▶ **PROBLEM STATEMENT**
The response must be the exact lines from the one that contains "Wyoming Coal Production" through the end of the material, with no pictures and no additional lines.

▶ **COLLECTED MATERIAL**
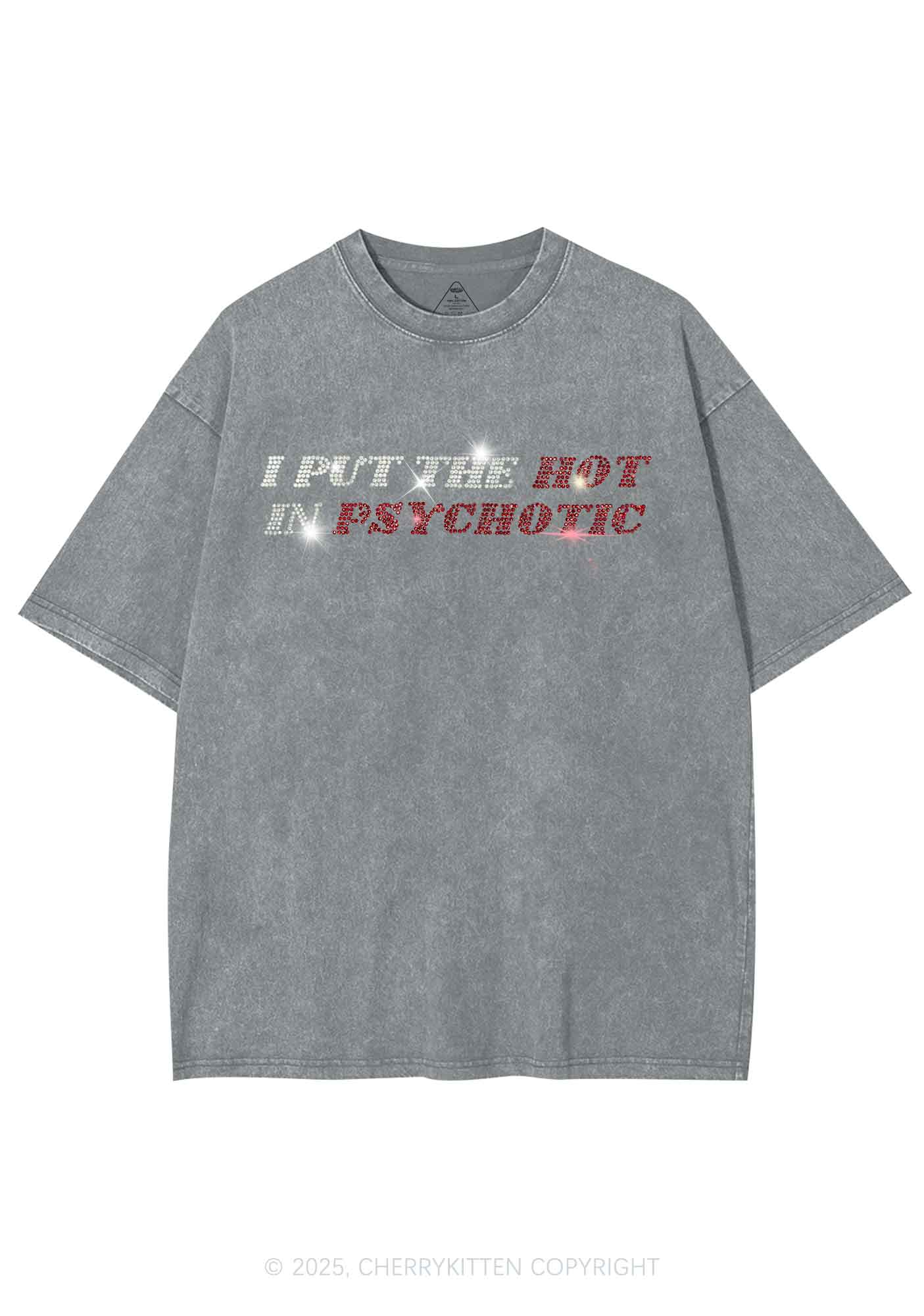 Rhinestone I Put The Hot In Psychotic Y2K Shirts Washed Tee Cherrykitten - Image 7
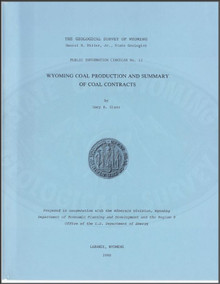 Wyoming Coal Production and Summary of Coal Contracts (1980)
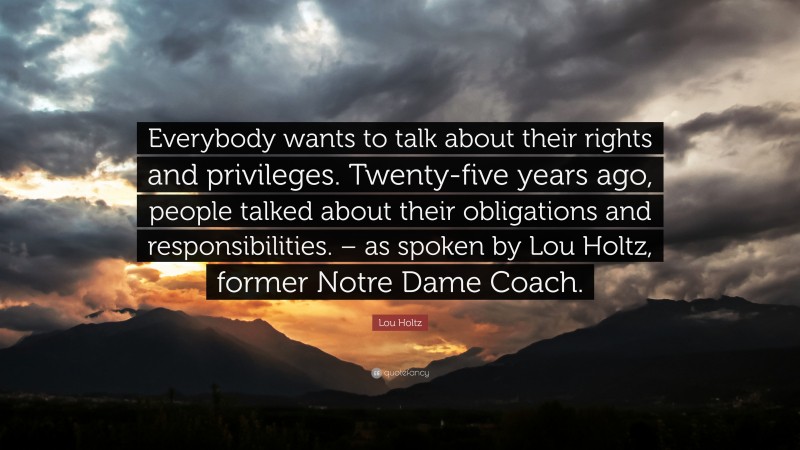 Lou Holtz Quote: “Everybody wants to talk about their rights and privileges. Twenty-five years ago, people talked about their obligations and responsibilities. – as spoken by Lou Holtz, former Notre Dame Coach.”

▶ **ANSWER TO THIS TASK**
 Wyoming Coal Production and Summary of Coal Contracts (1980)
 Lou Holtz Quote: “Everybody wants to talk about their rights and privileges. Twenty-five years ago, people talked about their obligations and responsibilities. – as spoken by Lou Holtz, former Notre Dame Coach.”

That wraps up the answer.